A set of non-terminals N (denoted with TitleCase names)
A set of terminals T (denoted with 'quoted' names)
A generating mapping from non-terminals N to regular expressions over N ∪ T alphabet
A restricting mapping from non-terminals N to regular expressions over N ∪ T ∪ {], [} (that is regular expressions with square brackets to denote children)

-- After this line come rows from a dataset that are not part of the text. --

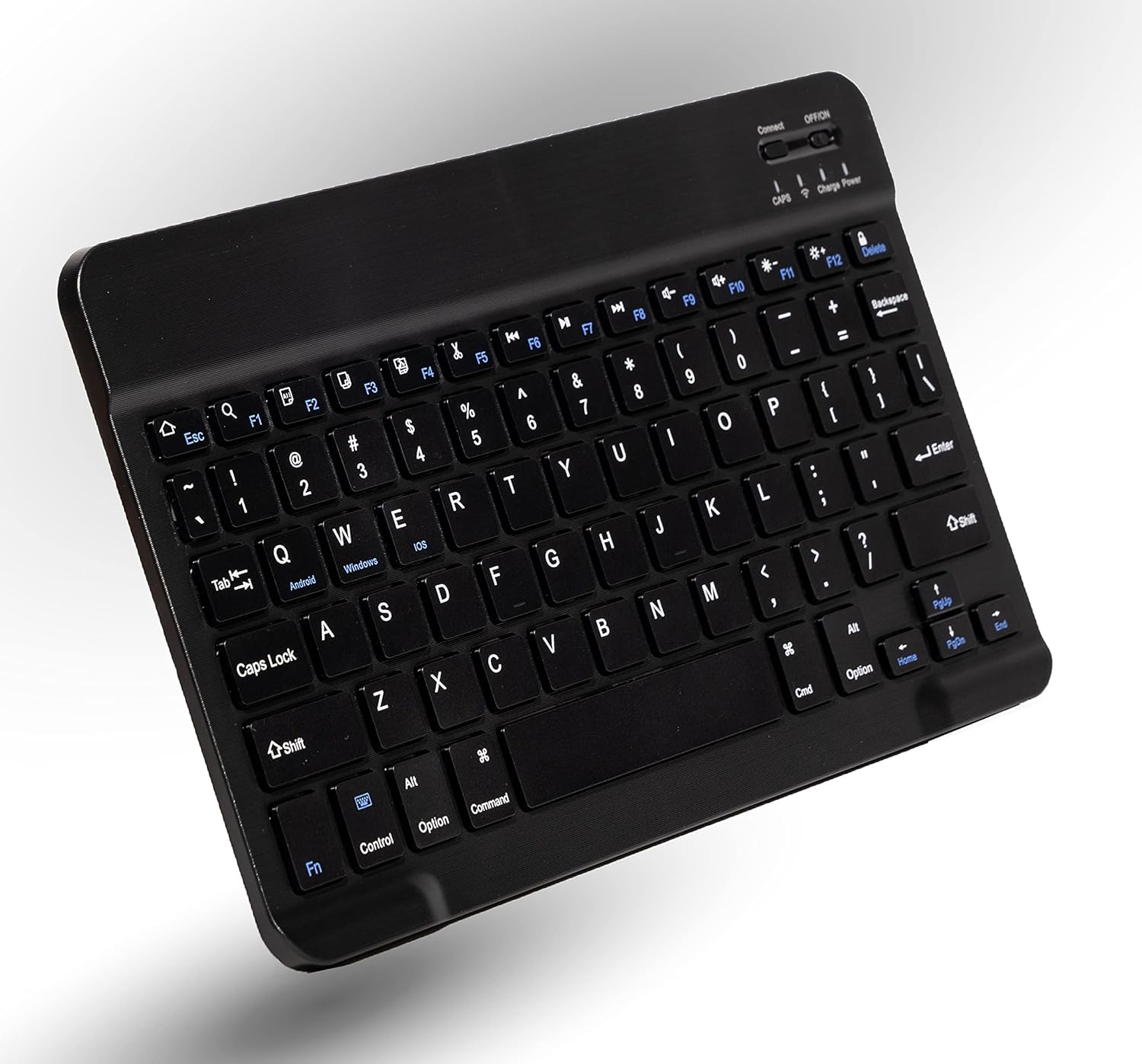 Ares Mobile Keyboard (Black) image number 2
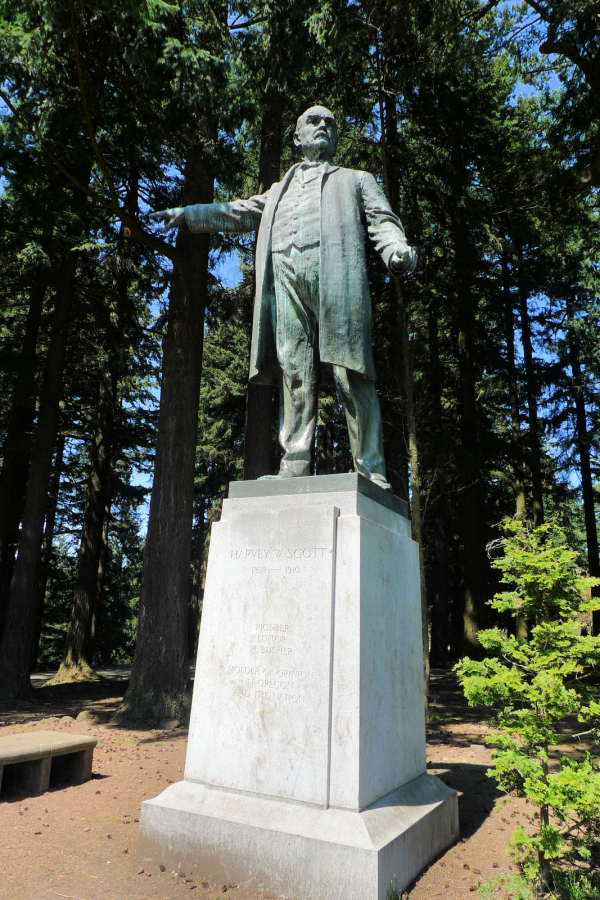 York and Portland's statues of limitations Portland Architecture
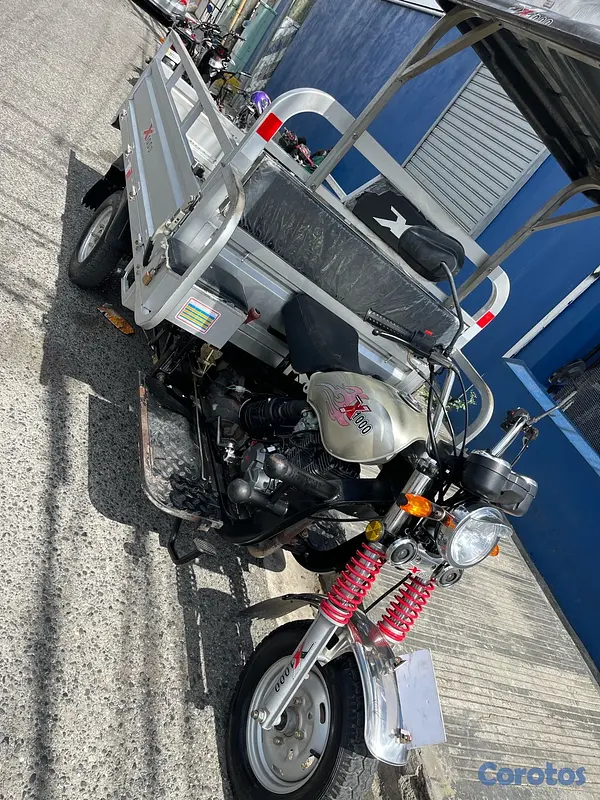 motores y pasolas - x1000 reddy para trabajar  2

This construction denotes a set of labeled trees, where interior nodes are labeled with N, leaves are labeled with T and for each interior node

its children match the corresponding generating regular expression
its grandchildren do not match the corresponding restricting regular expression

And the main question one would have, if confronted with a specimen, is “is it ambiguous?” That is, are there two trees in the set which have the same sequence of leaves?

Let’s look at an example:

Expr =
    'number'
  | '(' Expr ')'
  | Expr '+' Expr
  | Expr '*' Expr

Expr !=
             Expr '+' [Expr '+' Expr]
|            Expr '*' [Expr '*' Expr]
|            Expr '*' [Expr '+' Expr]
| [Expr '+' Expr] '*' Expr

It looks unambiguous to me! And I am pretty sure that I can prove, by hand, that it is in fact unambiguous (well, I might discover that I miss a couple of restrictions in process, but it feels like it should work in principle). The question is, can a computer take an arbitrary recursive restricted regular expression and tell me that its unambiguous, or, failing that, provide a counter-example?

In the general case, the answer is no — this is at least as expressive as CFG, and ambiguity of arbitrary CFG is undecidable. But perhaps there’s some reasonable set of restrictions under which it is in fact possible to prove the absence of ambiguity?